Leave out the pictures and copy each record below exactly.

Caption-style text data
- - - - - - -
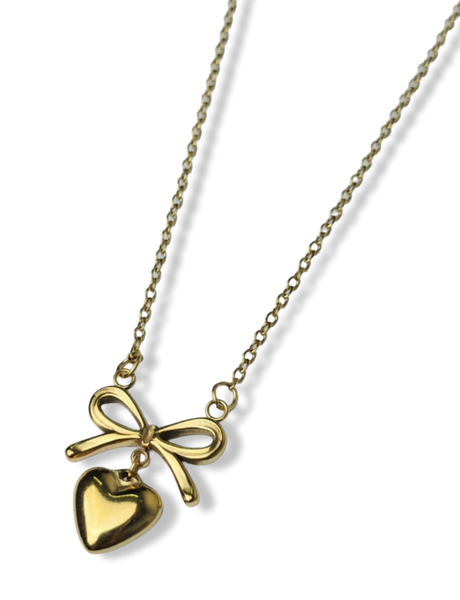 COLLAR WATERPROOF CORAZÓN Y MOÑO DORADO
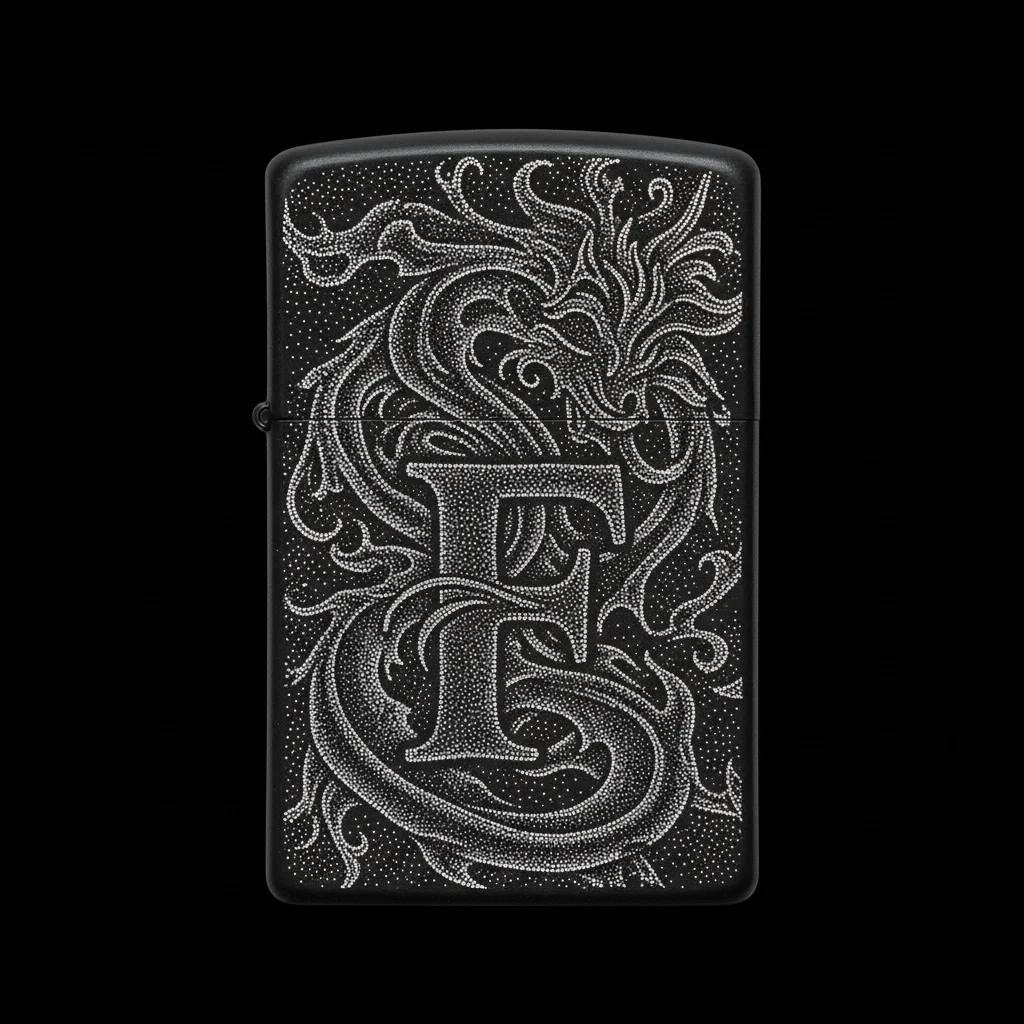 Zippo Ejderha Figürlü F Harfli Tasarım - V70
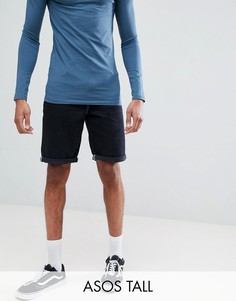 Черные джинсовые шорты слим с контрастными строчками ASOS DESIGN Tall-Черный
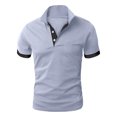 thumbnail image 2 of Men's Mesh Wicking Polo Shirt Color Accent Cuff Inner Placket Lightweight Daily Leisure Blouse, 2 of 5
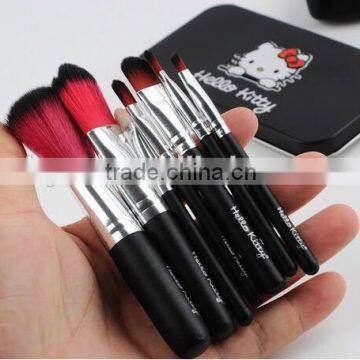 Mini 7pcs Tin Box Black Kitty Make up Bucket Brushes Makeup Sets photo-6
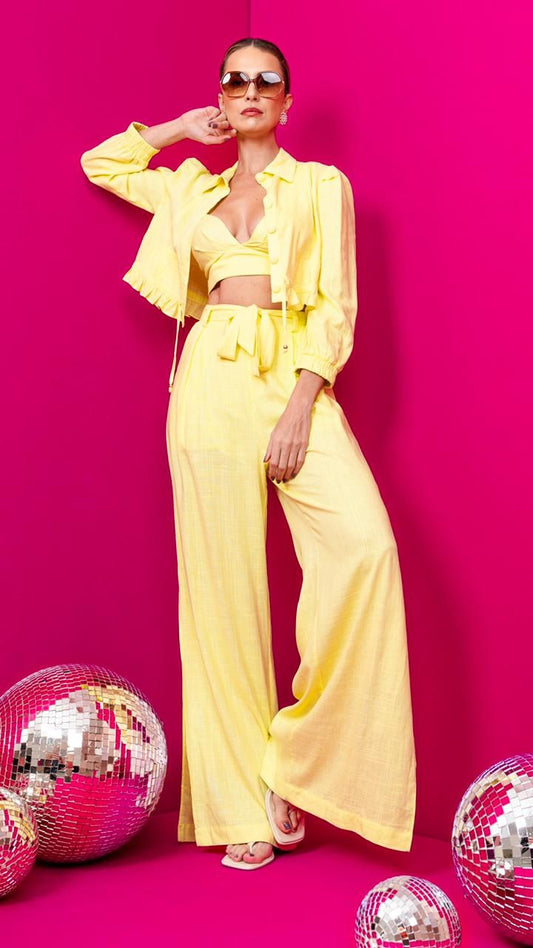 URSULA Three-Piece Set Cropped Top + Long Sleeve Blouse + Flare Pants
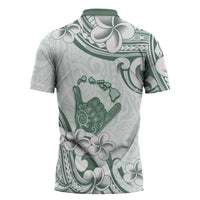 Aloha Hawaii Shaka Zipper Polo Shirt Hang Loose Mint Version - Polynesian Pride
- - - - - - -
### Response to this exercise
 COLLAR WATERPROOF CORAZÓN Y MOÑO DORADO
 Zippo Ejderha Figürlü F Harfli Tasarım - V70
 Черные джинсовые шорты слим с контрастными строчками ASOS DESIGN Tall-Черный
 thumbnail image 2 of Men's Mesh Wicking Polo Shirt Color Accent Cuff Inner Placket Lightweight Daily Leisure Blouse, 2 of 5
 Mini 7pcs Tin Box Black Kitty Make up Bucket Brushes Makeup Sets photo-6
 URSULA Three-Piece Set Cropped Top + Long Sleeve Blouse + Flare Pants
 Aloha Hawaii Shaka Zipper Polo Shirt Hang Loose Mint Version - Polynesian Pride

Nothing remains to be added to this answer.